In late September, the Bradenton-Manatee Airport Authority Board of Directors authorized SRQ President and CEO Rick Piccolo to initiate legal action to invalidate the future land use change on the kennel club property, which would render moot rezoning the site for multifamily use.
Fournier suggested commissioners continue the final approval into January to allow for the first step of the legal challenge, and perhaps even negotiation between the developer and the airport to relocate the residential buildings outside of the noise contour.
Aventon’s attorney Scott McLaren made it clear that reconfiguring the site plan would make the project unworkable and is not negotiable, and that Aventon was entitled to a decision on Monday with a mid-December property purchase deadline looming. During a prior hearing, Aventon informed the City Commission it had already spent some $1.5 million in engineering and site plan work.
“We have to make an informed decision as to whether we can move forward by Dec. 14,” he said. “What would provide us clarity is the approval that we think we're entitled to.”

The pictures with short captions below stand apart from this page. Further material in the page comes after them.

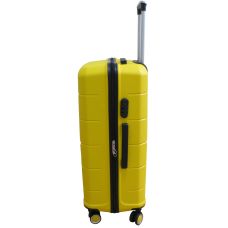  Чемодан Большой L пластиковый из полипропилена на колесах My Polo70c05 93L Желтый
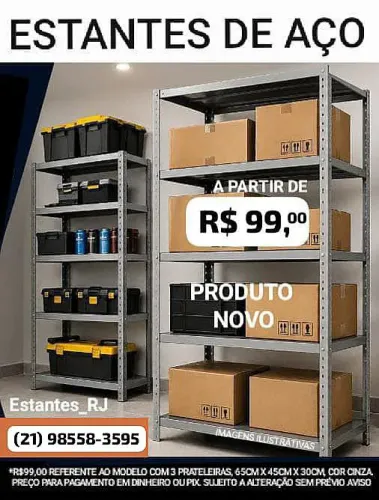 Estantes para Comércio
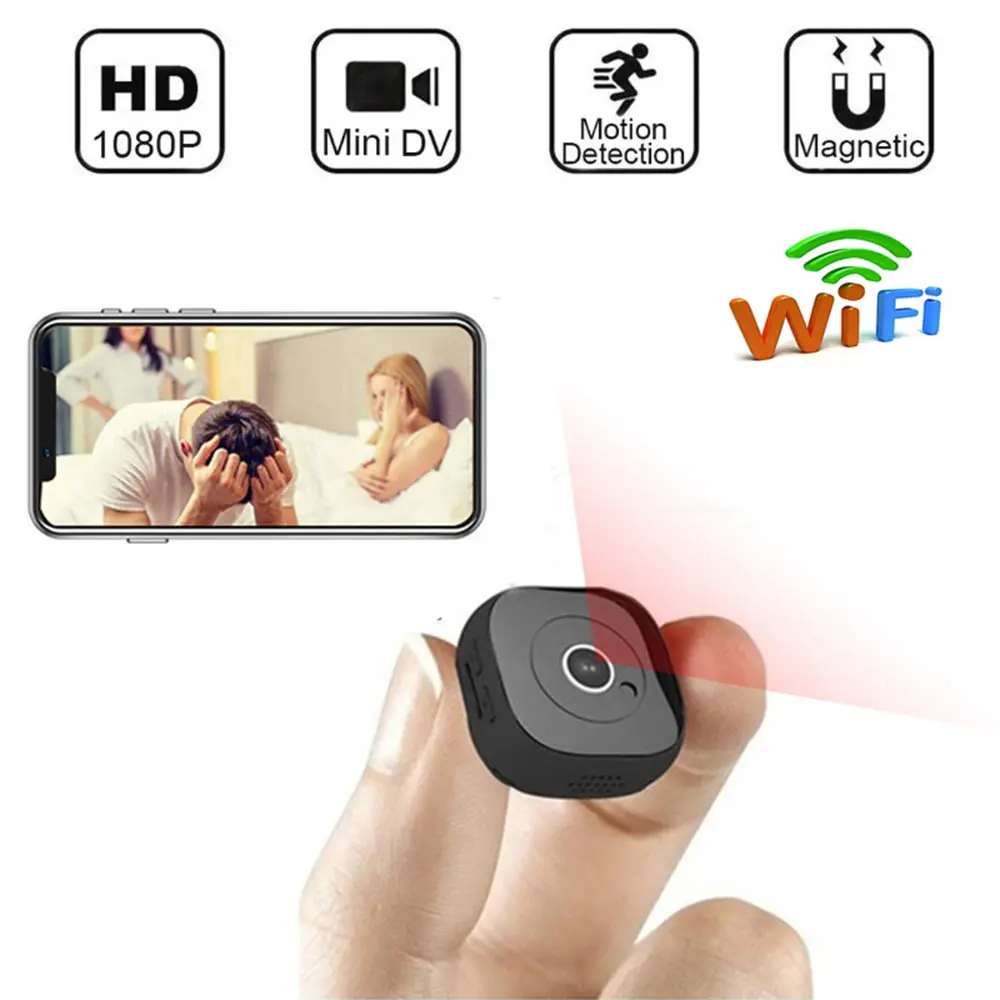 Мини Камера спортивная Беспроводная с Wi Fi HD 1080p|Компактные видеокамеры| |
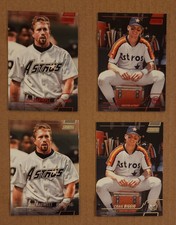 Red Foil Jeff Bagwell & Craig Biggio 2022 Topps Stadium Club Houston Astros + 
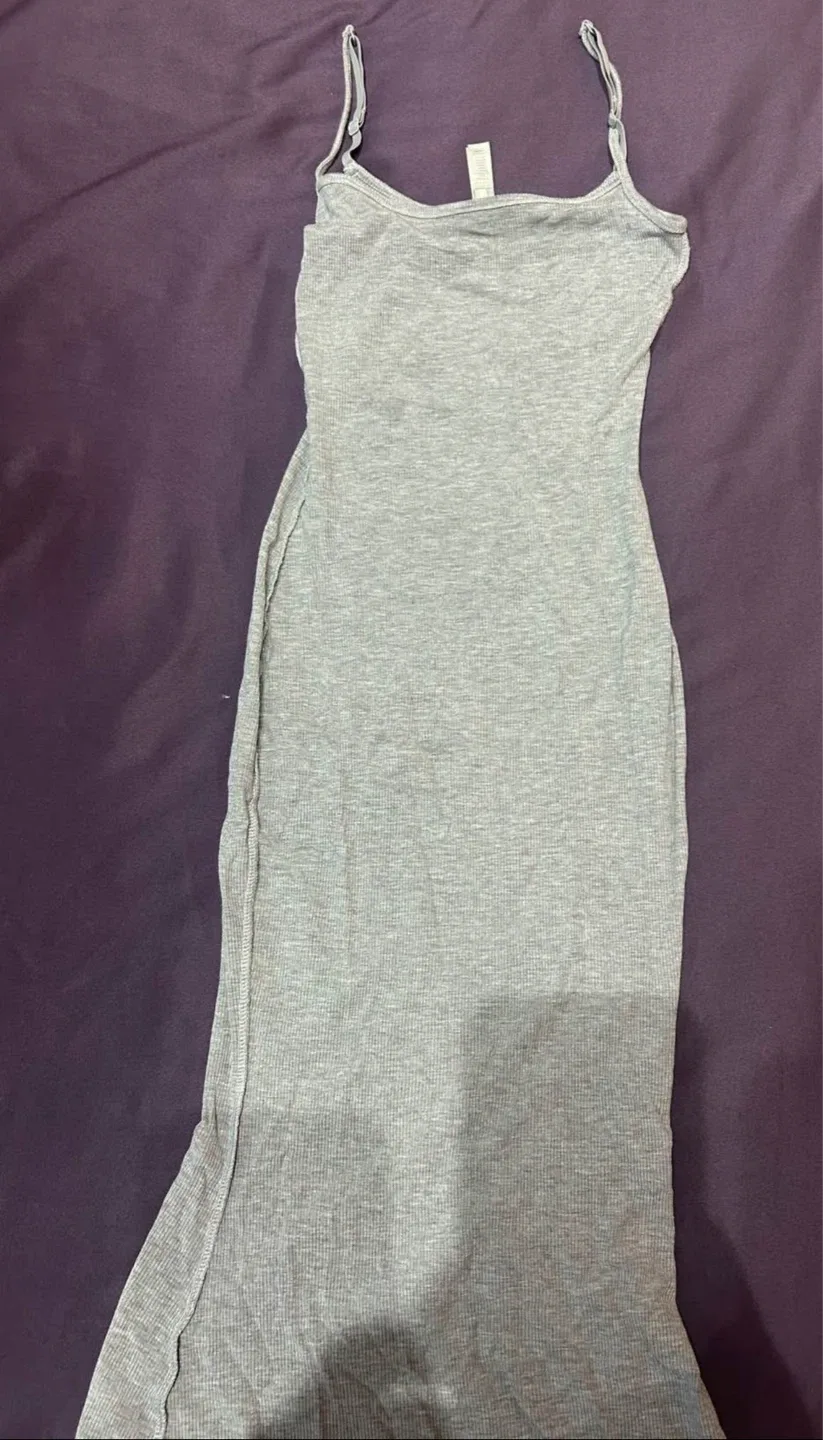 SKIMS Grey Maxi Dress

The airport has filed for a hearing before an administrative law judge, a two- to three-day process followed by written submissions and findings to be considered, focused on the agreement language between the city and airport authority. That decision could become final, or could be subject to appeal to the First District Court of Appeal. Pending that outcome, the airport may choose to file two additional lawsuits, both challenging the validity of rezoning and site plan approvals.

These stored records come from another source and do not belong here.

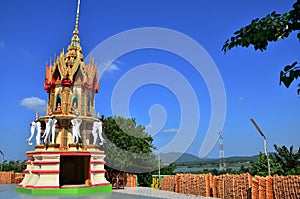 Tiger Cave Temple or Wat tham sua in Kanchanaburi Thailand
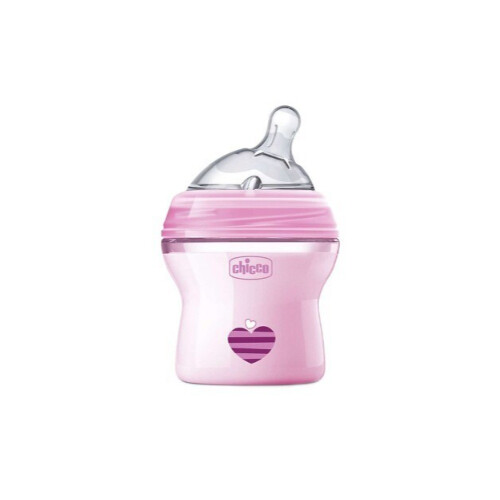 Chicco Natural Feeling Bottle 0M+ - 150ML - Pink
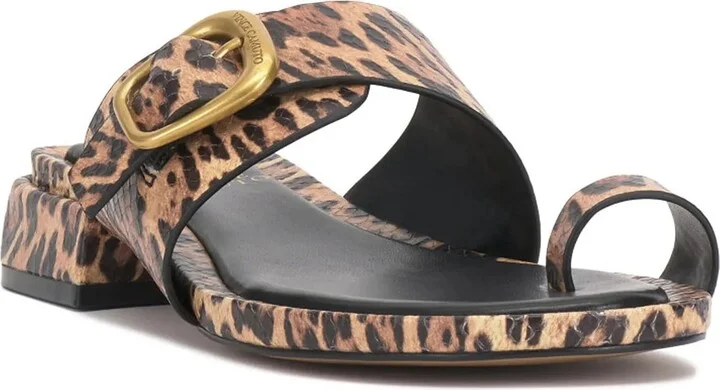 Tan Leopard Print Leather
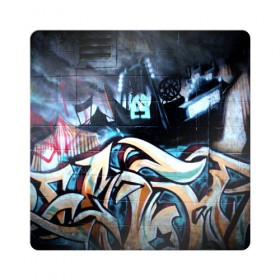Магнит виниловый Квадрат с принтом GRAFFITY в Новосибирске, полимерный материал с магнитным слоем | размер 9*9 см, закругленные углы | graffity | paint | street art | urban | город | граффити | искусство | кирпичи | краски | рисунки | стена | улицы | уличное искусство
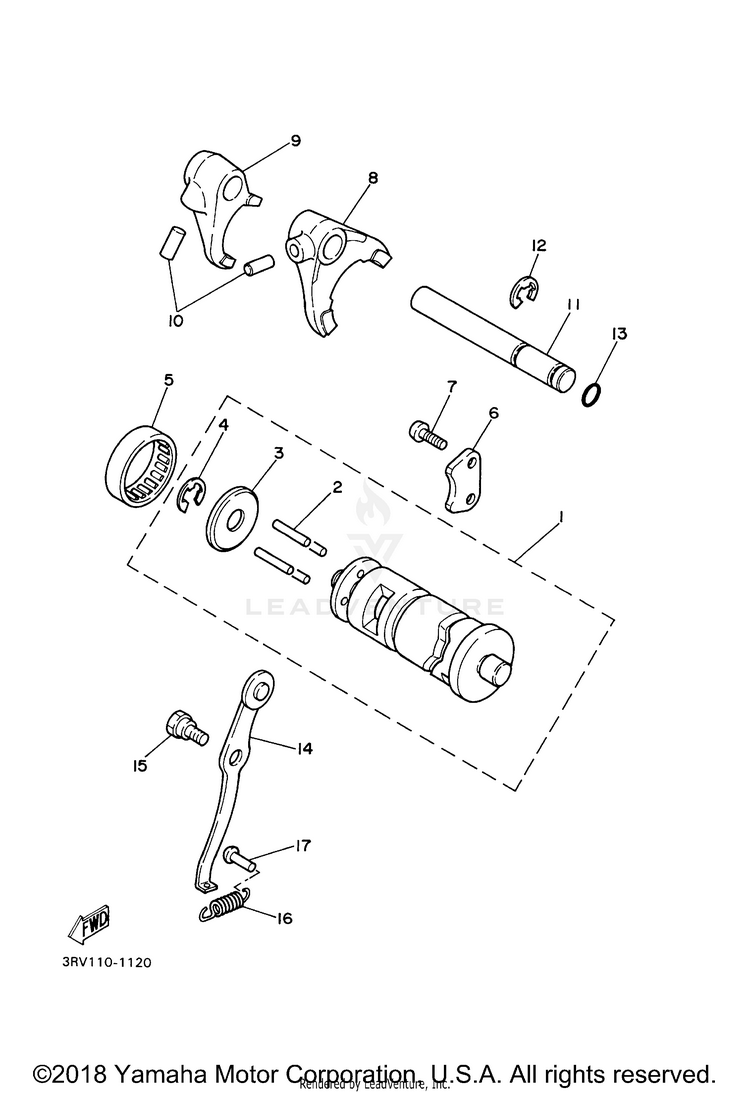 Shift Cam Fork Schematic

According to Fournier, the first suit would likely allege the rezone and site plan approval was not supported by competent substantial evidence and that the wrong criteria applied (and other criteria ignored) in granting the approval. The second possible suit can be expected to allege that the approval of the rezoning and site plan is not consistent with the city's comprehensive plan.
For now, the future land use rezoning of the site, Fournier said, is not in force.
“The future land use classification of this property right now is still community commercial. The reason for that is because the Sarasota-Manatee Airport Authority timely filed a petition with the State of Florida Division of Administrative Hearings to challenge the validity of a comprehensive plan,” Fournier said. “The ordinance approving a comprehensive plan amendment will not go into effect until this challenge now pending is over and it's finally resolved."
That means the rezoning and site plan ordinance approved by the commission on Monday will not go into effect unless and until the airport’s legal challenge fails.
“But if the Airport Authority’s challenge to the comprehensive plan amendment succeeds,” Fournier said, "then neither the comprehensive plan amendment nor this ordinance approving the rezoning and site plan before you today will ever go into effect.”
Approving the site plan and rezoning, which McLaren said Aventon deserves so it may continue planning, closed the door on further negotiation between the parties. Ahearn-Koch and Commissioner Liz Alpert urged continuing the final approval into January to “keep the door open,” to negotiation and perhaps avoid future potential lawsuits. Commissioner Hagen Brody countered that subsequent legal action is inevitable should Aventon and the city prevail.
“This is going to be litigated no matter what, and (airport) counsel was very clear at our hearing that this was going to be litigated. It really didn’t rest on nuances of the site plan,” Brody said. “My fear is that this property just sits there and decays forever and we could add to that problem by continuing it. There is going to be a legal challenge on the site plan and the comprehensive plan changes regardless of when we approve those.”
A motion by Ahearn-Koch to continue the issue until January failed 3-2. She was joined in the vote by Alpert, who then voted with the majority to approve the site plan and rezoning.
No date has been set for proceedings with the administrative court.